→ **WHAT IS BEING ASKED**: Pictures are to be left out. Return exactly the lines below from the one with "Lidia - Elegantes" up to and including the one with "经典鲨2025冬专柜新品气质".

-- INPUT MATERIAL follows --

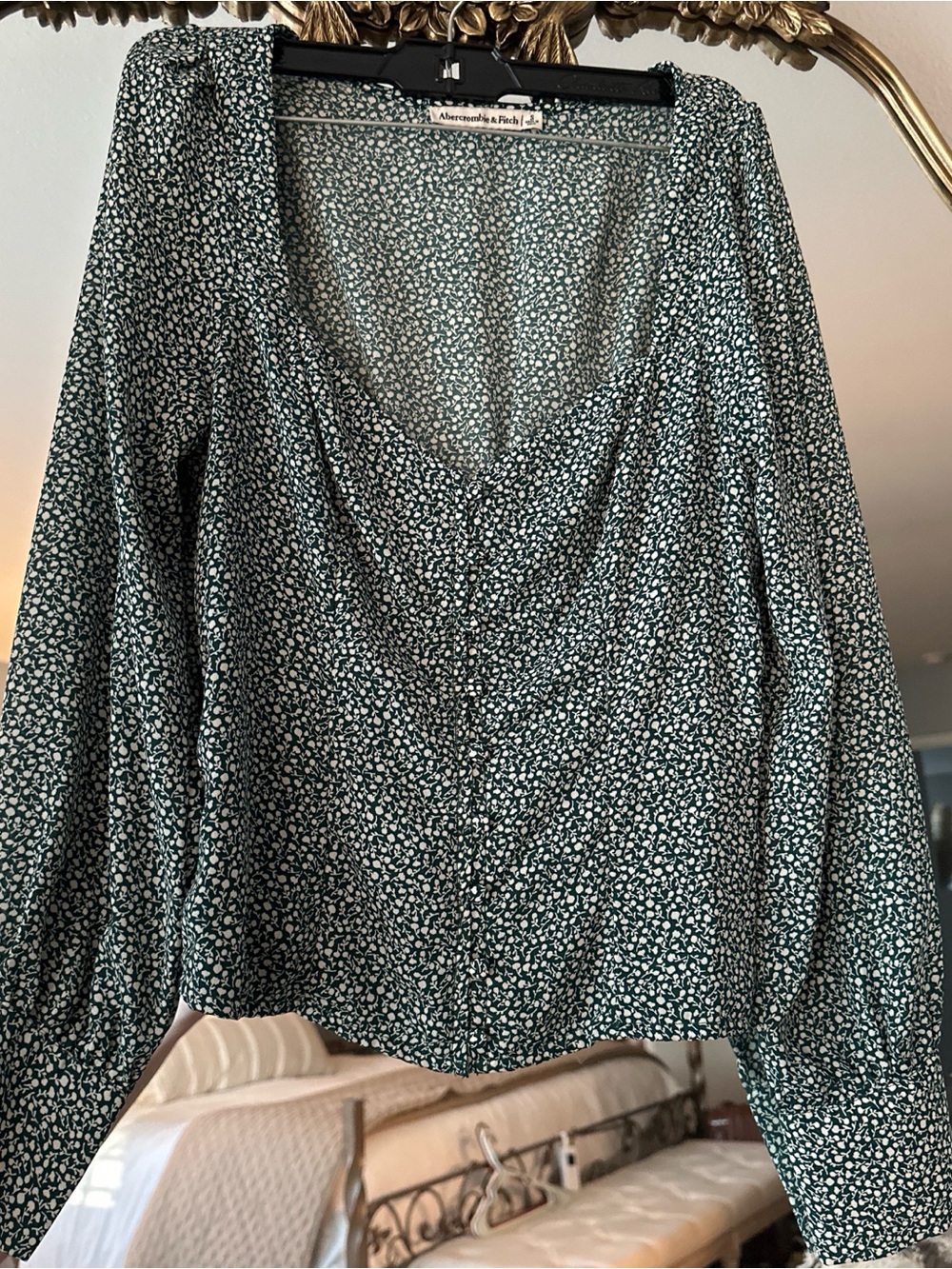 Abercrombie & Fitch Forest Green Micro Floral Button-Front Blouse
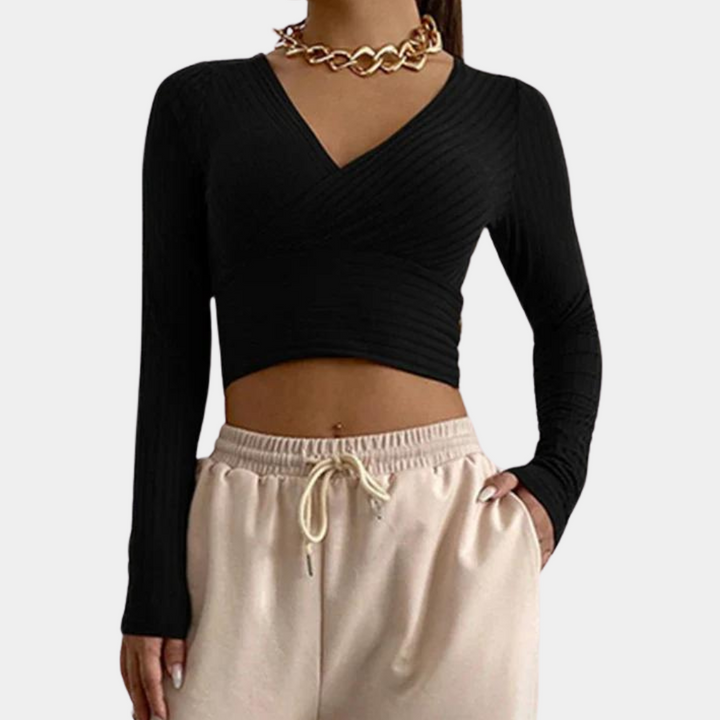 Lidia - Elegantes langärmeliges Crop-Top für Damen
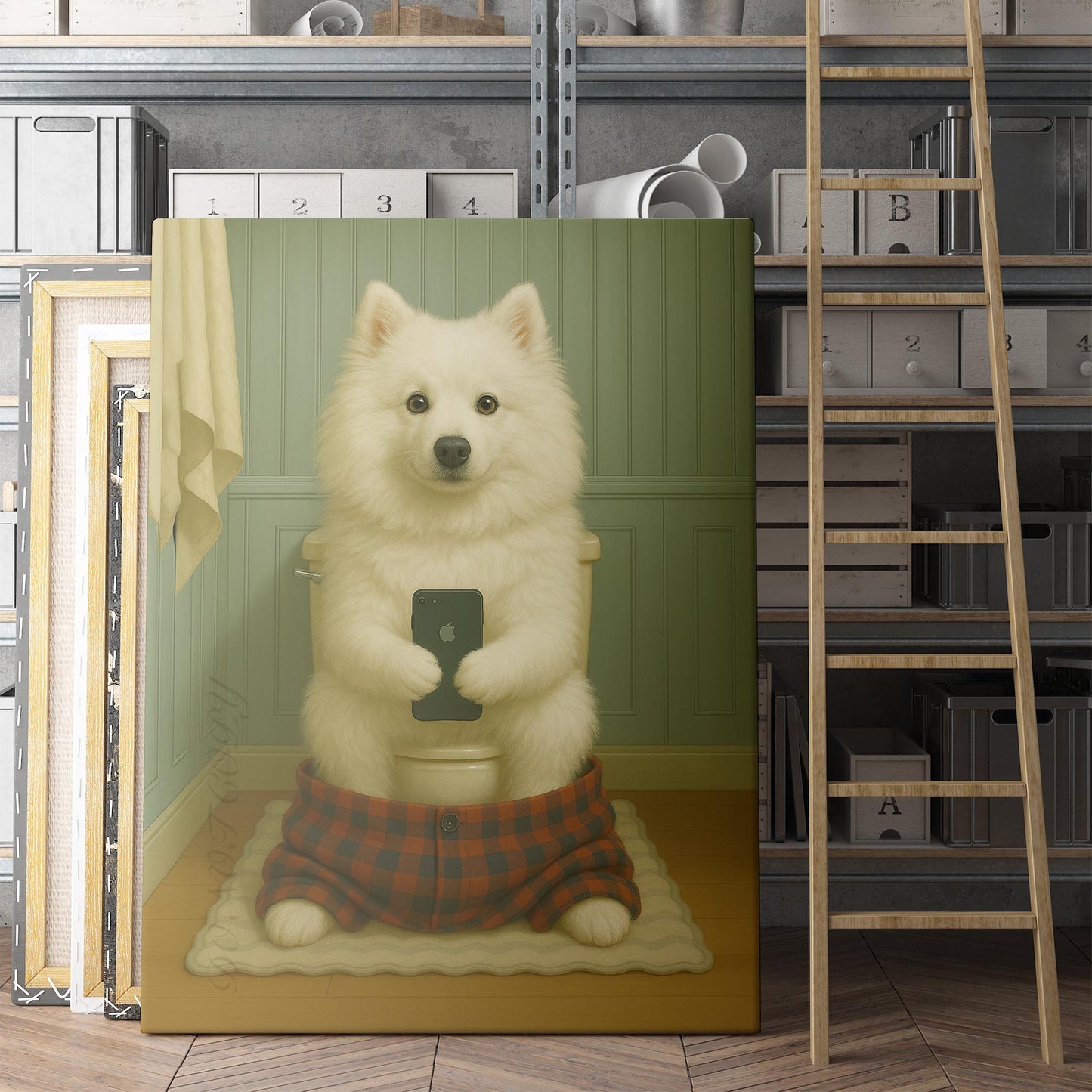 American Eskimo Dog On The Phone On The Toilet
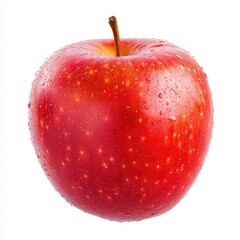 Ripe, red apple, covered in water droplets, isolated on white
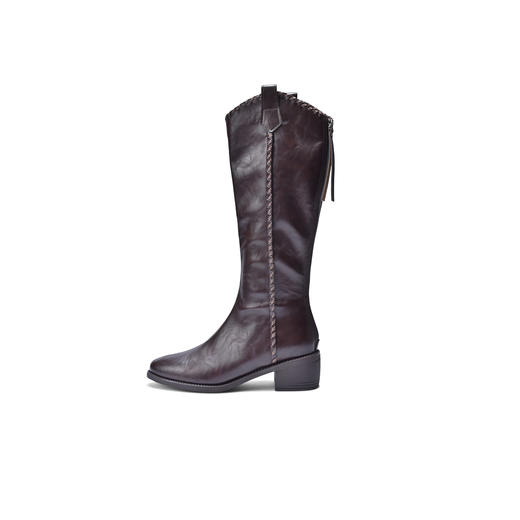 经典鲨2025冬专柜新品气质尖头中粗跟后拉链骑士靴长筒靴女KW89-558191 商品图4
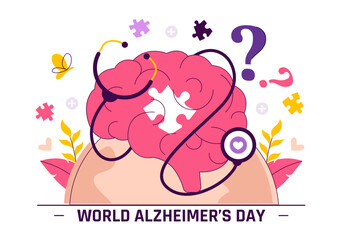 World Alzheimer's Day Vector Illustration featuring an Elderly and a Brain Jigsaw Puzzle Symbolizing Memories on a Purple Ribbon in a Flat Background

-- INPUT MATERIAL concluded --

→ **RESULT OF THIS TASK**:
 Lidia - Elegantes langärmeliges Crop-Top für Damen
 American Eskimo Dog On The Phone On The Toilet
 Ripe, red apple, covered in water droplets, isolated on white
 经典鲨2025冬专柜新品气质尖头中粗跟后拉链骑士靴长筒靴女KW89-558191 商品图4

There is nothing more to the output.